Description of the task: Leave every picture out. Set down all the lines below exactly.

Supplied data:

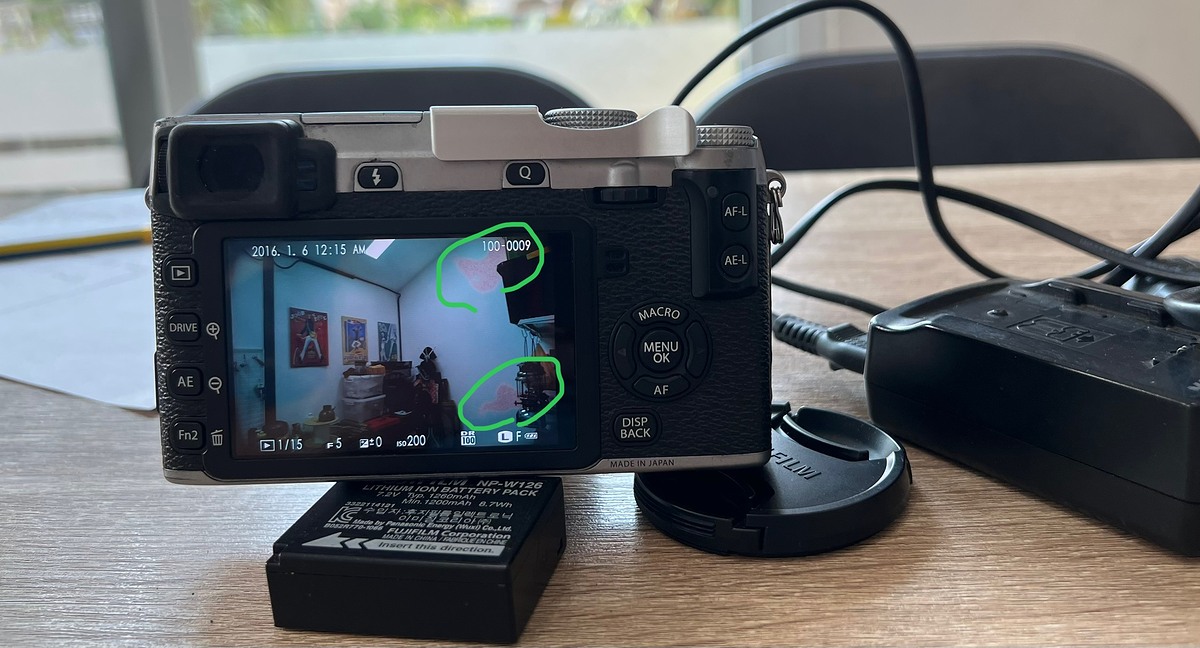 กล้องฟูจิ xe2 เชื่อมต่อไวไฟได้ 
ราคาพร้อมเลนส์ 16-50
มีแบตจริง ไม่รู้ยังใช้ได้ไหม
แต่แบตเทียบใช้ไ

Answer box:
 กล้องฟูจิ xe2 เชื่อมต่อไวไฟได้ 
ราคาพร้อมเลนส์ 16-50
มีแบตจริง ไม่รู้ยังใช้ได้ไหม
แต่แบตเทียบใช้ไ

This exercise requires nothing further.